Si sa che De Gaulle avrebbe voluto una Francia egemone in Europa; ma non una Francia qualunque. Era in nome di una sintesi tra identità cristiana e ragione che egli aveva candidato il suo paese ad essere il capofila del Vecchio Continente. Il fatto è che la Francia di Chirac non è più la Francia di De Gaulle. Le scelte di politica estera possono apparire vagamente somiglianti. Ma, al fondo, il laicismo di Stato imposto per via legislativa e attraverso la scelta di negare le radici cristiane nel Trattato ha rotto quella sintesi culturale che il Generale aveva così pazientemente tessuto. Questa rottura ha investito a pieno la concezione europeista dell'attuale classe politica francese, oggi in discussione davanti all'elettorato. Essa ha aderito ad una concezione dell'Europa fondata puramente sui diritti positivi nella quale, per questo, non ha potuto esserci posto per la tradizione né tanto meno per il riconoscimento di radici comuni. In tal modo, si è inconsapevolmente creata una cesura tra l'identità della nuova Europa e la stessa identità nazionale, almeno così come essa era stata definita dal gollismo.
Questa difficoltà potrebbe proiettarsi ben al di fuori dei confini dell'esagono. Perché se il Trattato fosse rigettato si aprirebbe un problema di ridefinizione e, finalmente, si porrebbe in maniera netta il problema che sottende l'intera costruzione europea: su quale identità stiamo costruendo la nuova casa comune?

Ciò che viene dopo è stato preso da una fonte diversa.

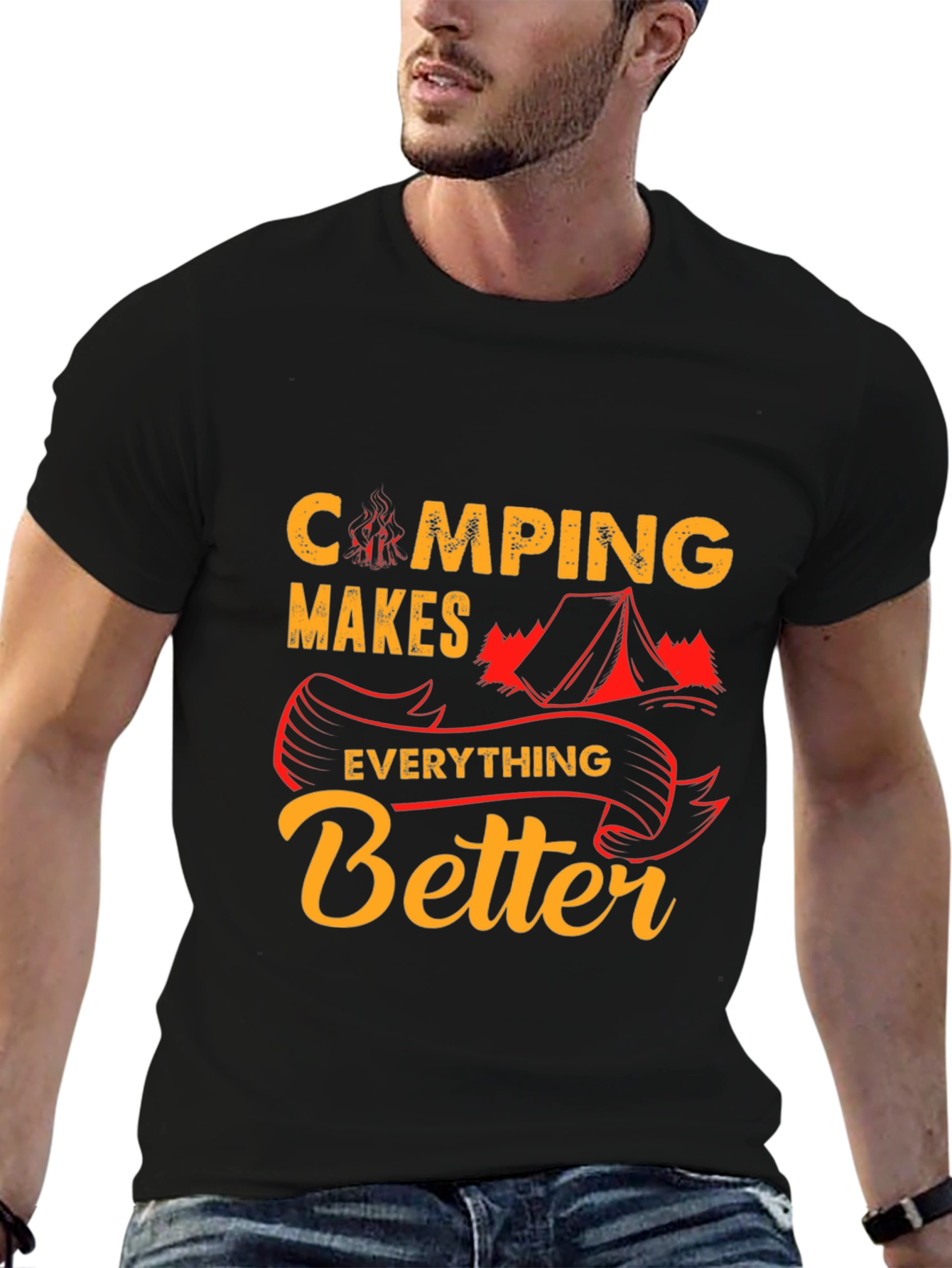 Camping Makes Everything Better T-Shirt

E si porrebbe finalmente, al cospetto della coscienza dei popoli, questo quesito: vogliamo un'Europa esclusivamente dei diritti, che ponga le nazioni su un piano di astratta equivalenza, superando le loro peculiarità storiche e istituzionali, ovvero un'Europa che sappia riconoscere le proprie tradizioni tra cui, certamente, anche quella illuminista e che proprio per questo sappia tener conto anche delle identità particolari delle nazioni che la compongono?
Siamo certi che, quando il problema si riaprirà, la Chiesa di Benedetto XVI non si terrà in disparte. Il nuovo Papa sa quali sono i rischi che non soltanto la religione cattolica ma ogni fede sta correndo per l'affermarsi di un illuminismo radicale. Non si tratta di rigettare le conquiste di libertà che sono divenute patrimonio comune. Ma di affermare che la ragione ha dei limiti e che in essa non si risolve completamente la moralità dell'uomo: principio questo al quale un laico dovrebbe tenere quanto un cattolico.

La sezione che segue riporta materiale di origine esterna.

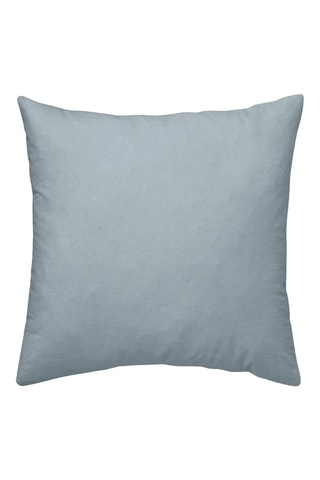 Taie d'oreiller en percale de coton 79 fils/cm² Lisa - Bleu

Per ottenere questa affermazione, il nuovo Papa è disposto a rinunziare alla garanzia dei diritti istituzionali delle Chiese contenuta nell'articolo 52 del Trattato: lo ha detto a chiare lettere ai primi di aprile a Subiaco. Non è in uno spazio di separatezza che può vivere oggi in Europa la Chiesa. Non è accettando una logica concordataria che può contrastare l'affermarsi di un pensiero unico razionalista. Essa deve accettare di essere minoranza, di perdere i propri privilegi; di diffondersi nella società e, partendo di lì, di far riscoprire all'Occidente i valori della cristianità che l'Occidente rischia di dimenticare. E' per questo, ne siamo certi, che Ratzinger ha voluto chiamarsi Benedetto. Egli non sarà un Papa pacifista, ma un Papa che vuole e saprà lottare. E che come San Benedetto da Norcia, in un tempo di disperazione e decadenza, cercherà di ripartire per realizzare un'immensa opera di evangelizzazione, per consentire ai popoli del continente di tornare a riconoscere da dove provengono.